## About this exercise
Please restate the records that follow exactly, skipping their images.
####################
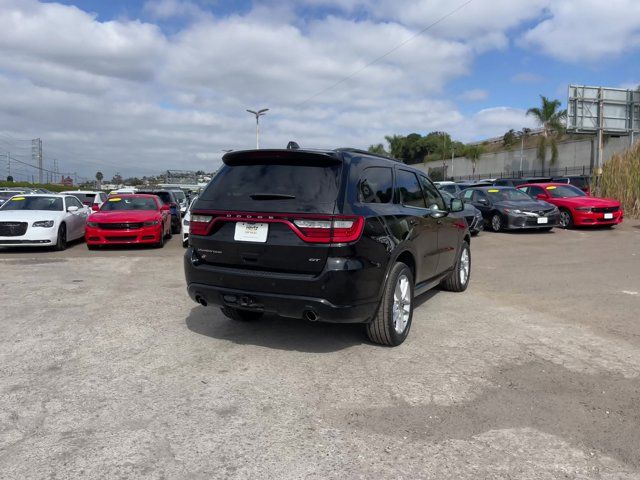 2023 Dodge Durango GT Plus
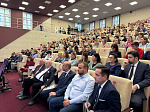 В Университете прошла отчетно-выборная конференция профсоюза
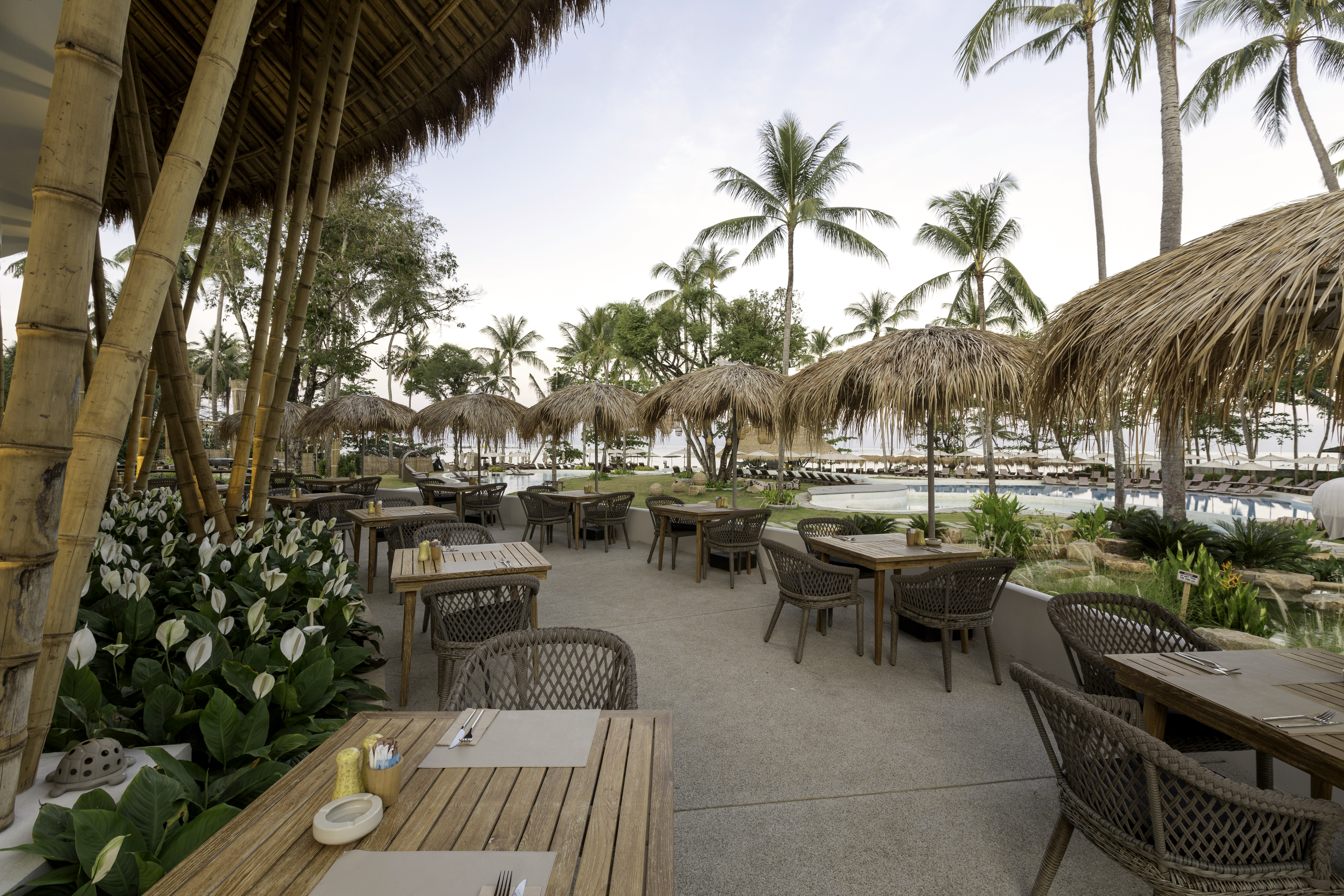 deli bar photos eden beach resort & spa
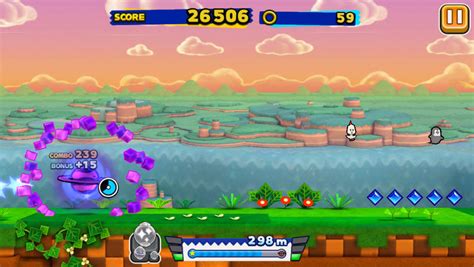 Sonic Runners Apk For Android Download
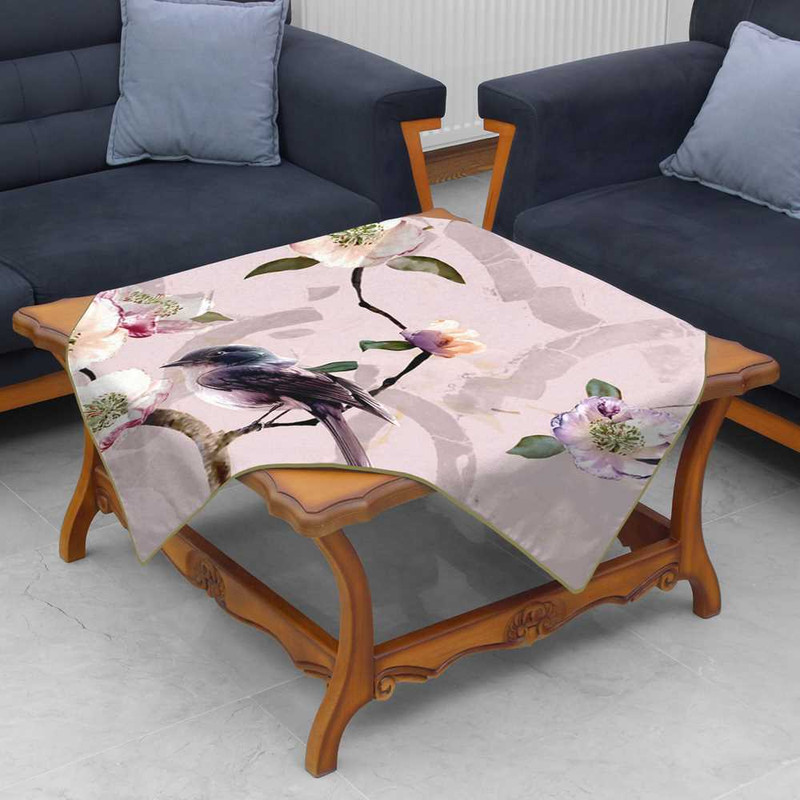 رومیزی تینادکور مدل mod00509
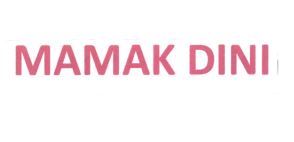 Trademark MAMAK DINI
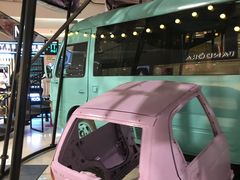 -凯德广场(学府店)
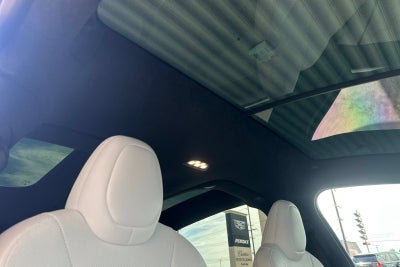 2023 Tesla Model X Base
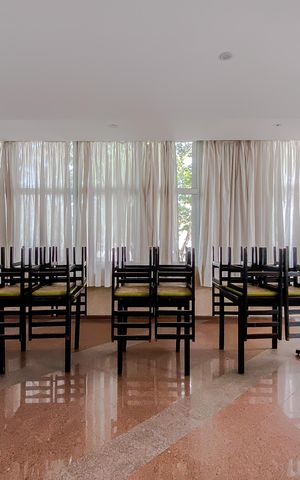 Apartamento à venda com 69m², 3 quartos e 1 vagaÁrea comum - Salão de festas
####################
## Response box
 2023 Dodge Durango GT Plus
 В Университете прошла отчетно-выборная конференция профсоюза
 deli bar photos eden beach resort & spa
 Sonic Runners Apk For Android Download
 رومیزی تینادکور مدل mod00509
 Trademark MAMAK DINI
 -凯德广场(学府店)
 2023 Tesla Model X Base
 Apartamento à venda com 69m², 3 quartos e 1 vagaÁrea comum - Salão de festas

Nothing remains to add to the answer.